The whole pipeline is time consuming, we recommend to submit your evaluation request through our website
Download the evaluation datasets from Google Drive
We unify the input format of different mathematical dataset as following:
For zero shot settings:
{"conversations": [{"from":"human", "value":"xxx"}]}
For few shot settings:
{"conversations": [{"from":"human", "value":"example0-question"}, {"from":"gpt", "value":"example0-answer"}, {},{}, ...]}
Running Script:
python preprocess_dataset/build_dataset.py --input_dir ./datasets --output_dir ./output
where ./datasets is the path where you save your downloaded datasets
We format the input prompt for different base model and their chat edition based on the fastchat.
- If you have elaborate templates for your models, implement your templates inside the conversation.py file, and change the settings in generate_shell_config.py file with your own template_name;
- You can also use default template_name for your model. Please also change the data_dir variable in generate_shell_config.py file. The generate_shell_config.py contains all the preprocessing config for each dataset and each base model.

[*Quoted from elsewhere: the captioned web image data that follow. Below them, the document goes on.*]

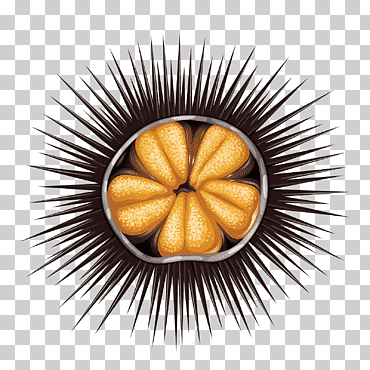 Ilustración de erizo de mar, erizo de mar profundo, comida, fotografía, feliz cumpleaños vector imágenes png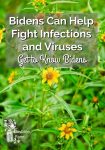 yellow flower on green stems with the text overlay Bidens can help fight infections and viruses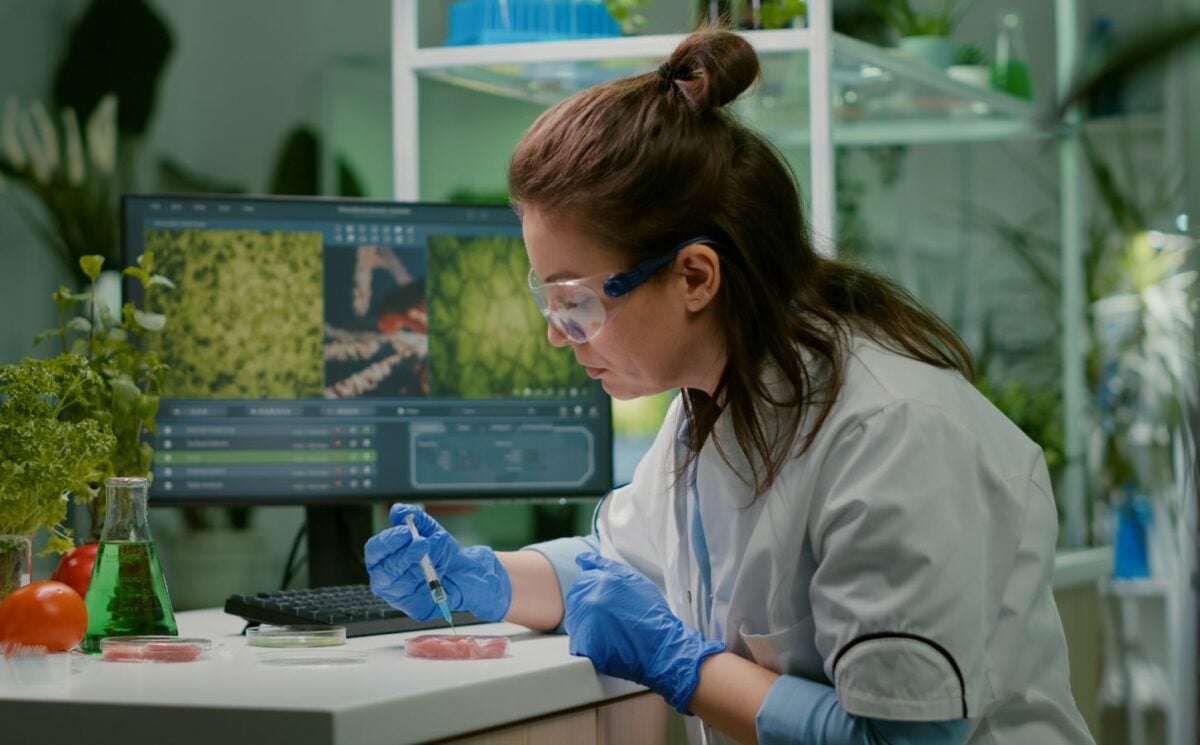 Photo shows a scientist working on some sort of plant-based or alternative protein in a lab setting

- We assume you have at least 2 80G-GPUs in your device to run over 70B size models. You need to ensure that the model can be successfully loaded with the given num_gpus. Please run the following script to generate the inference scripts, you need to specify the path to the model's output directory, the path to the log directory, and the path to save the running shell scripts:
We now only support using VLLM for inference acceleration. To enable VLLM acceleration, use the following command:
python run.py --configs ./generate_shell_config.py --accelerator vllm
To use VLLM for inference acceleration, you need to install it first. Please refer to the VLLM GitHub repository for installation instructions.

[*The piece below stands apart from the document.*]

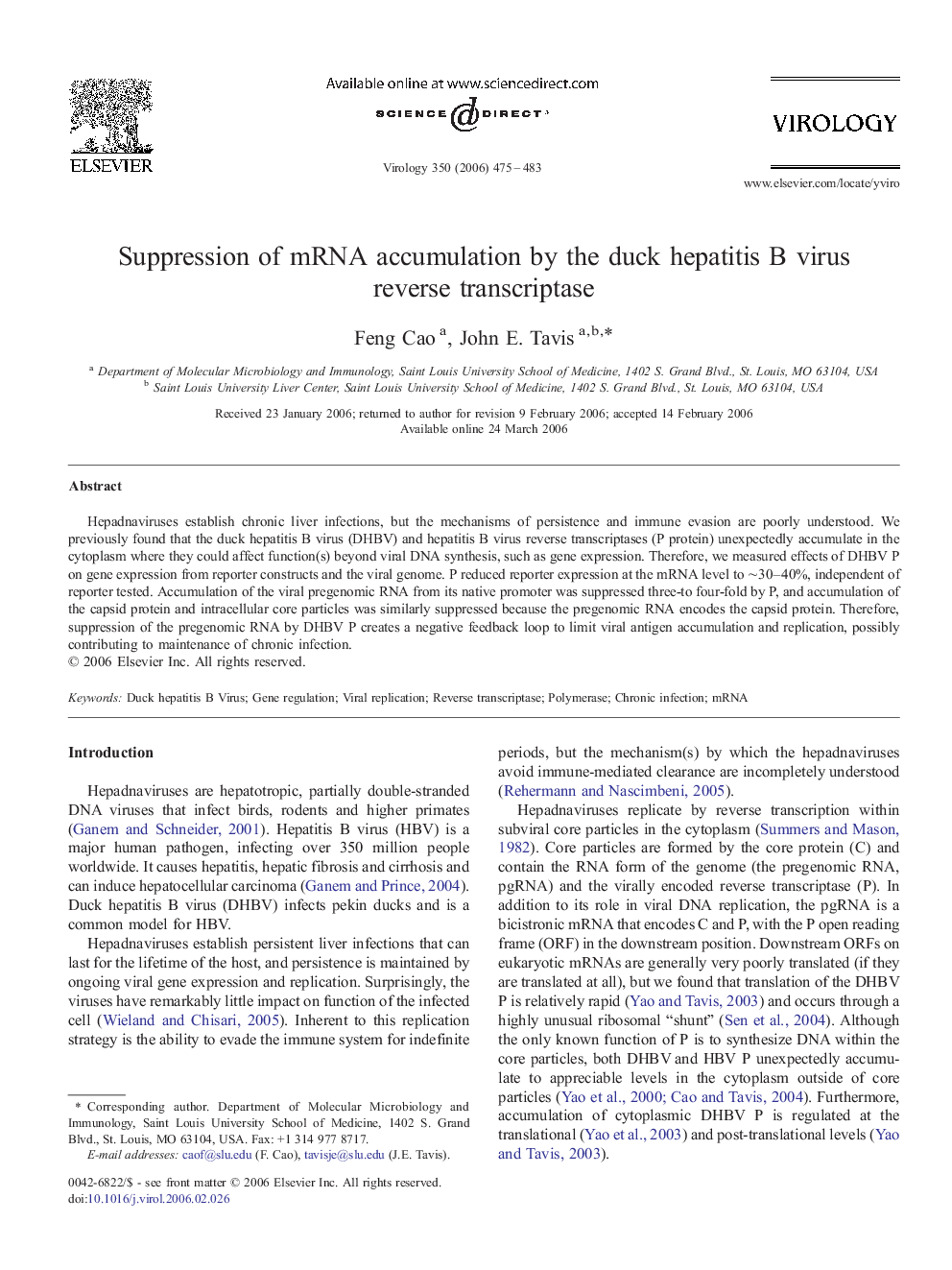 Suppression of mRNA accumulation by the duck hepatitis B virus reverse transcriptase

We now support two modes: "infer" and "eval". In "infer" mode, the system only generates model outputs. In "eval" mode, the system not only generates model outputs but also compares them with the real answers using the compare-model.
The default mode is "infer". To start in "eval" mode, you can use the following command:
python run.py --configs ./generate_shell_config.py --accelerator vllm --mode eval
We have separated the modes for greater flexibility. You can compare the answers using either GPT-4 or the compare-model.
- --configs ./generate_shell_config.py: Specifies the path to the configuration file.
- --accelerator vllm: Enables VLLM for inference acceleration.
If you have access to GPT4, please jump to Step 5.
If you do not have access to GPT4, we have released a compare-answer model in HuggingFace, please refer to: DeepSeek-Math-Compare-Answer
Now we implement compare compare_with_local_model.py
python compare_with_local_model.py --model_path /path/to/model --input_dir /path/to/input --output_dir /path/to/output --device_num 4
- --model_path: Path to the pre-trained model directory.
- --input_dir: Directory containing the input JSON files.
- --output_dir: Directory to save the output JSON files.
- --device_num: Number of GPUs to use for parallel processing.
We have provide our prompt in ./prompts/extraction_prompts folder.
We recommend to realize the send_chat_request function in run_gpt4_extraction.py by yourself, since we do not know the detailed GPT4 invoking function of yours.
We have provide our prompt in ./prompts/verification_prompts folder.
We recommend to realize the send_chat_request function in run_gpt4_extraction.py by yourself, since we do not know the detailed GPT4 invoking function of yours.
Why we want to use GPT4 for answer extraction and answer verification.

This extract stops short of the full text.